**DATA:**
#####
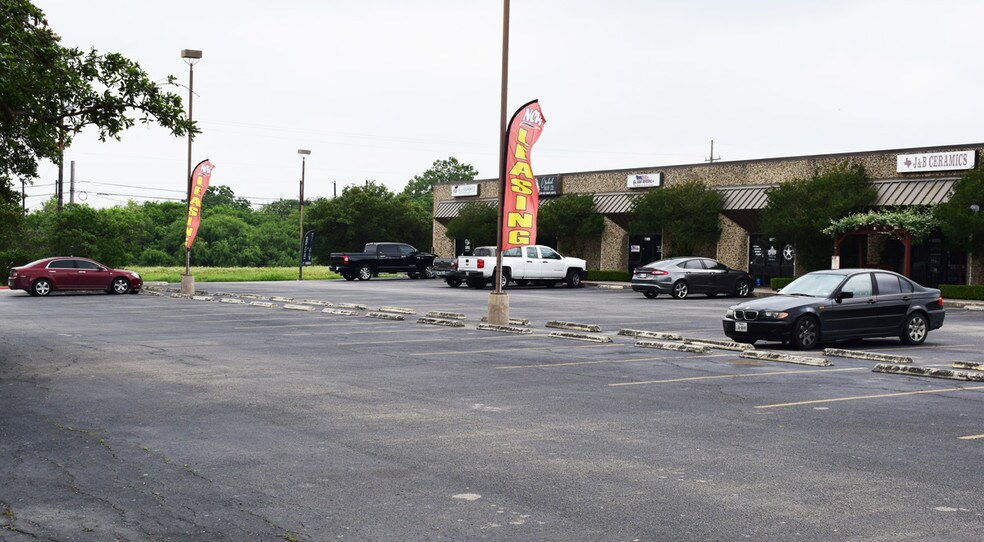 More Photos Of 10801-10817 Nacogdoches Rd, San Antonio Showroom For Lease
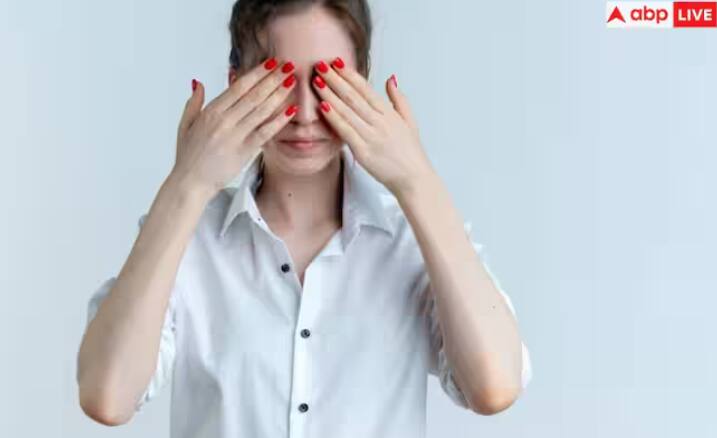 ਅਮੋਰੋਸਿਸ ਫੂਗੈਕਸ: ਇੱਕ ਜਾਂ ਦੋਵੇਂ ਅੱਖਾਂ ਵਿੱਚ ਦੇਖਣ ਵਿੱਚ ਮੁਸ਼ਕਲ ਹੋ ਸਕਦੀ ਹੈ। ਇਸ ਨਾਲ ਨੁਕਸਾਨ ਹੋ ਸਕਦਾ ਹੈ। ਇਸ ਕਾਰਨ ਰੈਟੀਨਾ ਵਿੱਚ ਖੂਨ ਸੰਚਾਰ ਹੋਣ ਵਿੱਚ ਵੀ ਸਮੱਸਿਆ ਹੋ ਸਕਦੀ ਹੈ।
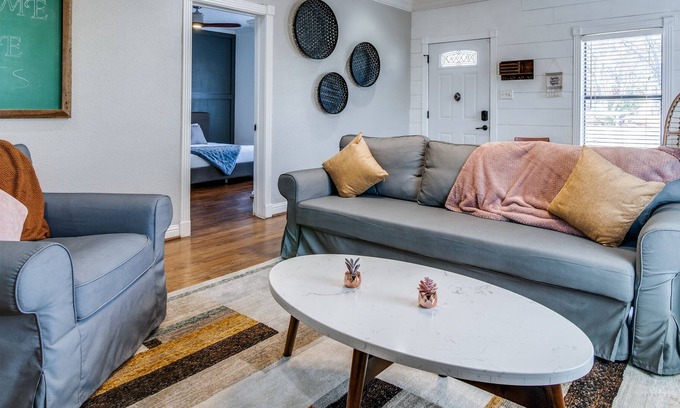 Rockwall Casa | ★“The Bluebonnet”★Child/Pet Friendly★Downtown★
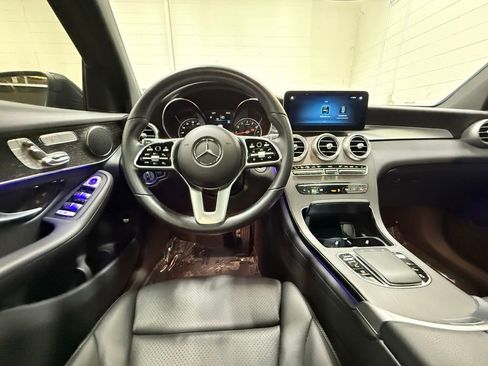 Used 2022 Mercedes-Benz GLC 300 image 36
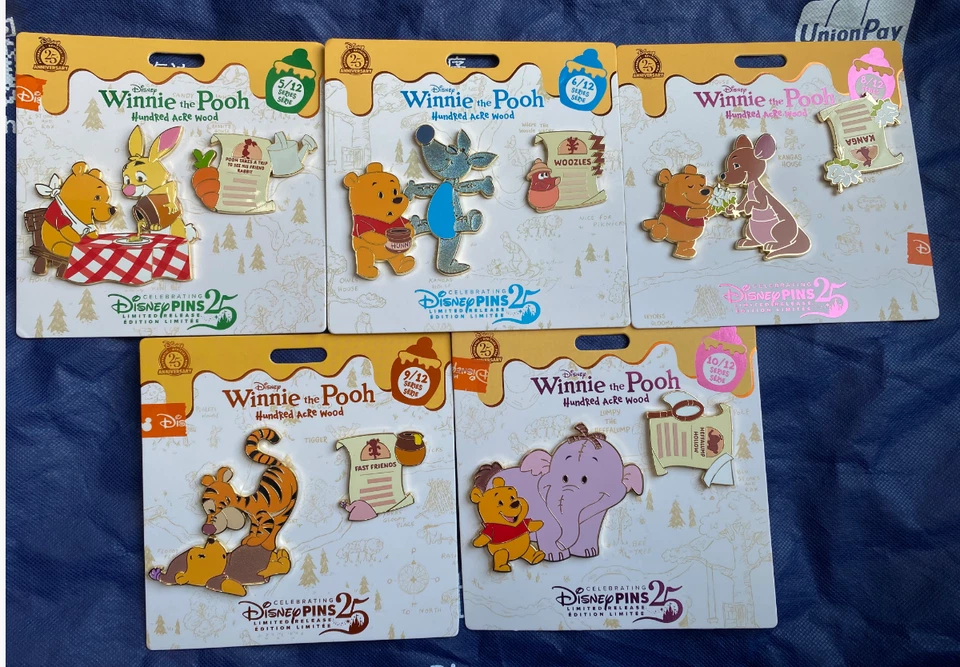 Auténtico prendedor de madera de cien acres de Winnie The Pooh de Disney serie 2025 en manos Foto 1 de 1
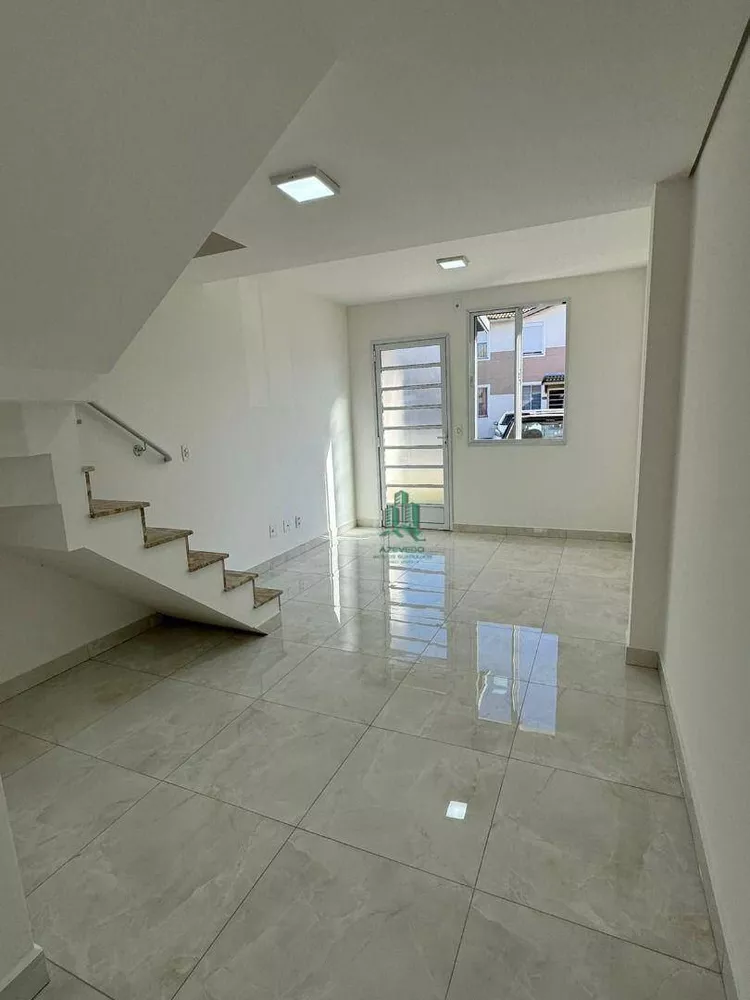 Sobrado à venda com 2 quartos, 54m² - Foto 2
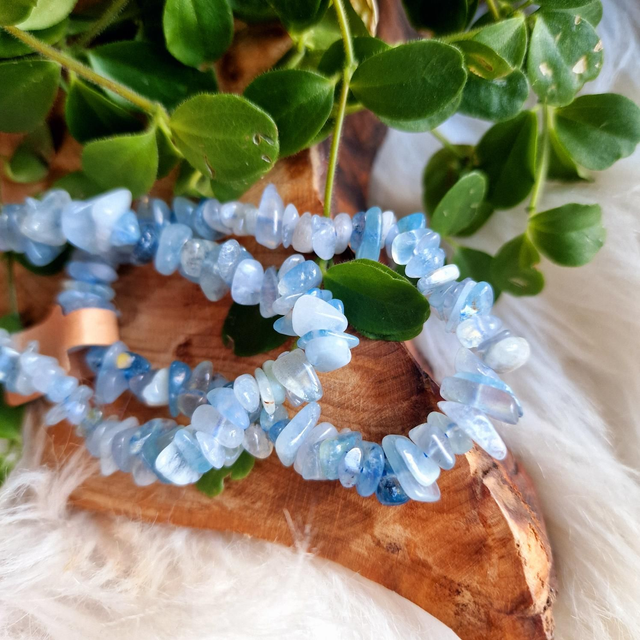 Aquamarine chip bracelet 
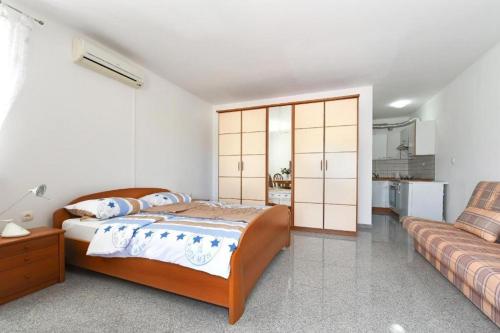 1 dormitorio con 1 cama y 1 sofá en Villa Annaleah, en Dubravice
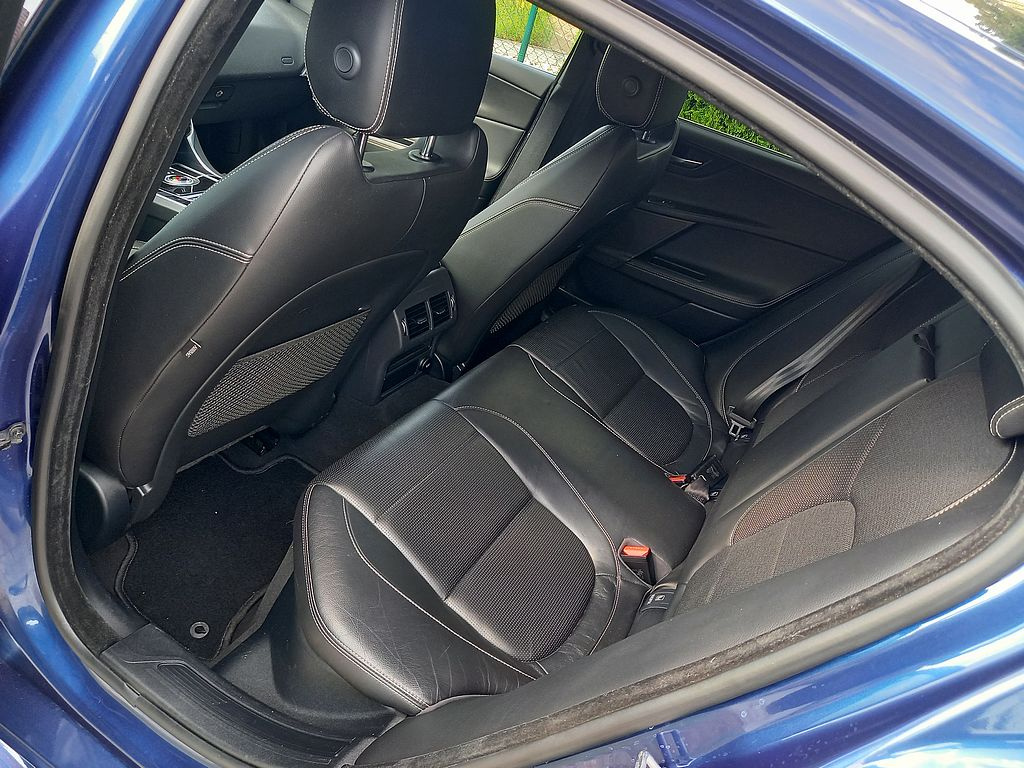 Jaguar XE 2.0D R-Sport Klima+Automat+Navi - 14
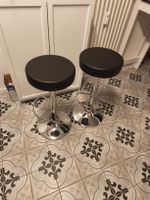 Barhocker tectake 2er Set Schwarz drehbar & höhenverstellbar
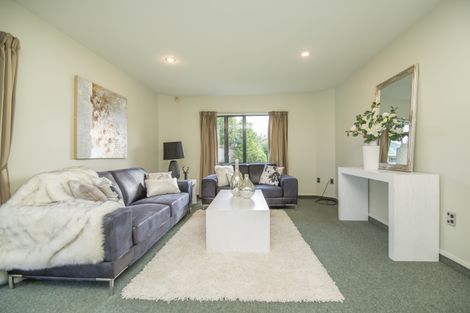 Photo of property in 3 Thicket Close, Redwood, Christchurch, 8051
#####
Each record above goes into the copy word for word; the pictures do not.

 More Photos Of 10801-10817 Nacogdoches Rd, San Antonio Showroom For Lease
 ਅਮੋਰੋਸਿਸ ਫੂਗੈਕਸ: ਇੱਕ ਜਾਂ ਦੋਵੇਂ ਅੱਖਾਂ ਵਿੱਚ ਦੇਖਣ ਵਿੱਚ ਮੁਸ਼ਕਲ ਹੋ ਸਕਦੀ ਹੈ। ਇਸ ਨਾਲ ਨੁਕਸਾਨ ਹੋ ਸਕਦਾ ਹੈ। ਇਸ ਕਾਰਨ ਰੈਟੀਨਾ ਵਿੱਚ ਖੂਨ ਸੰਚਾਰ ਹੋਣ ਵਿੱਚ ਵੀ ਸਮੱਸਿਆ ਹੋ ਸਕਦੀ ਹੈ।
 Rockwall Casa | ★“The Bluebonnet”★Child/Pet Friendly★Downtown★
 Used 2022 Mercedes-Benz GLC 300 image 36
 Auténtico prendedor de madera de cien acres de Winnie The Pooh de Disney serie 2025 en manos Foto 1 de 1
 Sobrado à venda com 2 quartos, 54m² - Foto 2
 Aquamarine chip bracelet 
 1 dormitorio con 1 cama y 1 sofá en Villa Annaleah, en Dubravice
 Jaguar XE 2.0D R-Sport Klima+Automat+Navi - 14
 Barhocker tectake 2er Set Schwarz drehbar & höhenverstellbar
 Photo of property in 3 Thicket Close, Redwood, Christchurch, 8051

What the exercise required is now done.